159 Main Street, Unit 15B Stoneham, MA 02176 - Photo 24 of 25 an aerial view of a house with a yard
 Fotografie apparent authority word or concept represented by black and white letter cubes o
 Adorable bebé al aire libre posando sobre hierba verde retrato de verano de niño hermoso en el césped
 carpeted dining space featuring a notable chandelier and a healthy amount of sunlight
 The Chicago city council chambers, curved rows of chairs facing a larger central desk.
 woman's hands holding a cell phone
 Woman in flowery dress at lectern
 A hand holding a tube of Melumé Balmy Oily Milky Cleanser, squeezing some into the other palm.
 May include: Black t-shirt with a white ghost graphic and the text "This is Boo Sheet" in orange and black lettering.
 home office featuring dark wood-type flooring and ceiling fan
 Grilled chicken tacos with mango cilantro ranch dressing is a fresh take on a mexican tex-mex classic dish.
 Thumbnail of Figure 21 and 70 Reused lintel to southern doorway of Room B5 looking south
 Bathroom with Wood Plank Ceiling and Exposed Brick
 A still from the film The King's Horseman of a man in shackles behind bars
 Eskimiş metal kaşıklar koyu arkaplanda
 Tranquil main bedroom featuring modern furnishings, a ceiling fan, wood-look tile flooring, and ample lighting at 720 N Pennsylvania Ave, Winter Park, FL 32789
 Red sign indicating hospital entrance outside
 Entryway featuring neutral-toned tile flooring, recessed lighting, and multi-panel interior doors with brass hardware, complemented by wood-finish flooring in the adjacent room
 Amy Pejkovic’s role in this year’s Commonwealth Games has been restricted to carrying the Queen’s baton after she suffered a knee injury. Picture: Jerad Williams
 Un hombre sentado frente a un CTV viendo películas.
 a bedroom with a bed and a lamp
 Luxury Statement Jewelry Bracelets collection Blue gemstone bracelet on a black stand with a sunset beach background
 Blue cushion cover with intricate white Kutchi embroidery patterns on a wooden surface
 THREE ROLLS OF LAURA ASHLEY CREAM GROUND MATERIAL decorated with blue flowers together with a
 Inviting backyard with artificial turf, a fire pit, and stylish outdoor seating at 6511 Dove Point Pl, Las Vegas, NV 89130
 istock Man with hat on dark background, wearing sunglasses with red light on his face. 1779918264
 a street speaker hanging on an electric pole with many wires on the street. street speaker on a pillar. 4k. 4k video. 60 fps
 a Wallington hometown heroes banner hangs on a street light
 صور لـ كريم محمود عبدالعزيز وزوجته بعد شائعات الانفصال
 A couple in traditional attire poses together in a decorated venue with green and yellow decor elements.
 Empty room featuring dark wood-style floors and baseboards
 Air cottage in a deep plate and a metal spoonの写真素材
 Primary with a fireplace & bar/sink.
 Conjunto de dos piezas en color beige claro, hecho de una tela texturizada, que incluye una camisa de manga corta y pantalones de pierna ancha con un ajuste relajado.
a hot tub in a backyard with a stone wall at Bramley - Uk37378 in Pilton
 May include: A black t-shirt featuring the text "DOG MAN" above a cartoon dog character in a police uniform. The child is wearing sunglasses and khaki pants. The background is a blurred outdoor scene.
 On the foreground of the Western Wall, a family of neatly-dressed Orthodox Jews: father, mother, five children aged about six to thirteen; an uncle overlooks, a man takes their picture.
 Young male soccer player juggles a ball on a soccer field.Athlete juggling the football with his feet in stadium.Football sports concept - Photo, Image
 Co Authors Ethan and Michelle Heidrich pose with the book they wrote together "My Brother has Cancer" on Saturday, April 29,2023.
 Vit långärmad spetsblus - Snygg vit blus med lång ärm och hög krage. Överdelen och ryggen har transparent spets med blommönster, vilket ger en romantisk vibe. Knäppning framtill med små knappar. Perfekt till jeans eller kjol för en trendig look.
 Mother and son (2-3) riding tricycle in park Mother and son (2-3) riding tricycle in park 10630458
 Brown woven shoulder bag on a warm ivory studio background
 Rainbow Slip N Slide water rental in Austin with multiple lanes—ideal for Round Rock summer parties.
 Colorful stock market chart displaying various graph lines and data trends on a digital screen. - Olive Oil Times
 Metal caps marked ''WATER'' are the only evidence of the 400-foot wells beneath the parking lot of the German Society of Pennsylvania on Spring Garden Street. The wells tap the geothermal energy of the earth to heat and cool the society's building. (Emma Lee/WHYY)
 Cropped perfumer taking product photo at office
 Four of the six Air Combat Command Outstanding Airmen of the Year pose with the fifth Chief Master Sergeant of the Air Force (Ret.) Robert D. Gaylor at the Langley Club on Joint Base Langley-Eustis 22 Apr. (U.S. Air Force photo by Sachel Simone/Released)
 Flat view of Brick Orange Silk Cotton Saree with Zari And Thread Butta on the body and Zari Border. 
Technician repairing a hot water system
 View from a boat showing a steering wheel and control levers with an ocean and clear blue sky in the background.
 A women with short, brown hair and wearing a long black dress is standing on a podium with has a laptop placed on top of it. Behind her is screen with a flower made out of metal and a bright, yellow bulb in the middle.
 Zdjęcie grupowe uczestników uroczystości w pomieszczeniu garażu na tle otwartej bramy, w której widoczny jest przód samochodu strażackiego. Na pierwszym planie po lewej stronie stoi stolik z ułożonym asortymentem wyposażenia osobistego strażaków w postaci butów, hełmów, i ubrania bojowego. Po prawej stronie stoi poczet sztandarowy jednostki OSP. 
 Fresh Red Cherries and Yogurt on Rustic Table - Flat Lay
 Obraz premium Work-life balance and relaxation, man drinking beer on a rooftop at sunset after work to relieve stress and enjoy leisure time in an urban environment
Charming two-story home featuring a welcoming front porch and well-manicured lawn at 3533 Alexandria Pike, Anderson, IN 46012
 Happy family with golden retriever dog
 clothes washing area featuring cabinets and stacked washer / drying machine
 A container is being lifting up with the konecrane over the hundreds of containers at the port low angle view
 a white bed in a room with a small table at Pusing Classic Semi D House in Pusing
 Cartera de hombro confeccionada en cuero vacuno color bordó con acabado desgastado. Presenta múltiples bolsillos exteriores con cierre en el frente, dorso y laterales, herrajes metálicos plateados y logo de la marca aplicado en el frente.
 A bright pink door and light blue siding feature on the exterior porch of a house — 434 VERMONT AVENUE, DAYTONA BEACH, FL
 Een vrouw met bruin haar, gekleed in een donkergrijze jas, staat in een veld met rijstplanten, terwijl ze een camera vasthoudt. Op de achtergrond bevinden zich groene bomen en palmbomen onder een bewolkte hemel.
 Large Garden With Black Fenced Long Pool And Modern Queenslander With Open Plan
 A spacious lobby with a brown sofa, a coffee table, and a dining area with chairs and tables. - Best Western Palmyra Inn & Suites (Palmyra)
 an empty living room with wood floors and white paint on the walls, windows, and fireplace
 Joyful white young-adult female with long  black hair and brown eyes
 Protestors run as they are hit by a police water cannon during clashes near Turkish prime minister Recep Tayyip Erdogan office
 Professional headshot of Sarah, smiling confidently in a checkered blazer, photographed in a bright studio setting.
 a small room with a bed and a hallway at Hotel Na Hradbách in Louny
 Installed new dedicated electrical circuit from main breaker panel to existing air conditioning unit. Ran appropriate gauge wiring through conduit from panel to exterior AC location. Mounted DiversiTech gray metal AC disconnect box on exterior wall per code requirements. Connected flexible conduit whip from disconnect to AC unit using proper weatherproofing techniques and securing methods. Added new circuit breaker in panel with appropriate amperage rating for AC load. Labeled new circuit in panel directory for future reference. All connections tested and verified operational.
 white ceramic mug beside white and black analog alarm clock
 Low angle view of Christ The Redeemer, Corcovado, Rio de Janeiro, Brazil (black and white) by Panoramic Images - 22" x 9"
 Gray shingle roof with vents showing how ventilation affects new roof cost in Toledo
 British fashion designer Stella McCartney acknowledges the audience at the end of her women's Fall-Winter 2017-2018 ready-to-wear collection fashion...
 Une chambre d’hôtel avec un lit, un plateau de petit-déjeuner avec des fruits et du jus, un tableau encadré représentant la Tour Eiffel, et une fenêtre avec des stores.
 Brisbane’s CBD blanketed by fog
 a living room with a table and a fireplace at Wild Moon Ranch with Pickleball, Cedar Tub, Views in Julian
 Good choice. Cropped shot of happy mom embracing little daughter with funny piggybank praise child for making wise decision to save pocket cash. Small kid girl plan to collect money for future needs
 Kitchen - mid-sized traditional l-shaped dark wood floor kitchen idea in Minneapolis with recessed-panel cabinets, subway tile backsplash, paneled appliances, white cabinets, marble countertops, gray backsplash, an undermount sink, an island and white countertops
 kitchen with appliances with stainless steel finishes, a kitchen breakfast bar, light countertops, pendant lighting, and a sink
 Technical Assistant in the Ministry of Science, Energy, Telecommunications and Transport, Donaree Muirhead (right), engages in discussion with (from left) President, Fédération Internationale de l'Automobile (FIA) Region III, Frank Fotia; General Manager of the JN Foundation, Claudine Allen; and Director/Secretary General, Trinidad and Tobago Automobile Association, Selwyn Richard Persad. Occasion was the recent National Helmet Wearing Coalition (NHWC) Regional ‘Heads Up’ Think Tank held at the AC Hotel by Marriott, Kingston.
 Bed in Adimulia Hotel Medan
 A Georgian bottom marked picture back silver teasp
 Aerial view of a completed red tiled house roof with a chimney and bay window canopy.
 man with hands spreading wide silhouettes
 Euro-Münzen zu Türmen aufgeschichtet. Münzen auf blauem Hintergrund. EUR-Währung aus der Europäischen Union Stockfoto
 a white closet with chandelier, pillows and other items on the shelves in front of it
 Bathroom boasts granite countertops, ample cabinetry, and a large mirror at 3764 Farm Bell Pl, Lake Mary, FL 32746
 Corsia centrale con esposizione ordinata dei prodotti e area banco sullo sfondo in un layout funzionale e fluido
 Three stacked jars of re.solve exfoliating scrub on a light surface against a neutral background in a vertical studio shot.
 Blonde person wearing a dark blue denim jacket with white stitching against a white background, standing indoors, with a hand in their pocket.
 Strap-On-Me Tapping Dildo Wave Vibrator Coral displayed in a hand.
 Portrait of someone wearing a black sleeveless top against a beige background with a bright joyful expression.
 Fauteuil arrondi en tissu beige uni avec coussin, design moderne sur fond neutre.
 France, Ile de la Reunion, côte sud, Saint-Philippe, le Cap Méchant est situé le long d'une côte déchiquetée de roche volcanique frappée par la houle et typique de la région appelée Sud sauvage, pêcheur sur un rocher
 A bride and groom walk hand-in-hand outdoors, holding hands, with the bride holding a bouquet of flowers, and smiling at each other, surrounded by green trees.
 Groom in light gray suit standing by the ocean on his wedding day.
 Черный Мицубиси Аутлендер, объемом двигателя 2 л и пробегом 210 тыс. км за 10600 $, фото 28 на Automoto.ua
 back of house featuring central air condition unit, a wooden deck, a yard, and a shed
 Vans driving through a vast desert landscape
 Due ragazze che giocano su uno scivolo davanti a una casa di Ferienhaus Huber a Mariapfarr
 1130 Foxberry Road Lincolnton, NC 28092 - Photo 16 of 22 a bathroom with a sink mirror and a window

TASK DIRECTIONS —
In the listing above, locate the line containing "Entryway featuring neutral-toned" and the line containing "a bedroom with a bed and a lamp", then transcribe both and every line between them verbatim.

OUTPUT —
 Entryway featuring neutral-toned tile flooring, recessed lighting, and multi-panel interior doors with brass hardware, complemented by wood-finish flooring in the adjacent room
 Amy Pejkovic’s role in this year’s Commonwealth Games has been restricted to carrying the Queen’s baton after she suffered a knee injury. Picture: Jerad Williams
 Un hombre sentado frente a un CTV viendo películas.
 a bedroom with a bed and a lamp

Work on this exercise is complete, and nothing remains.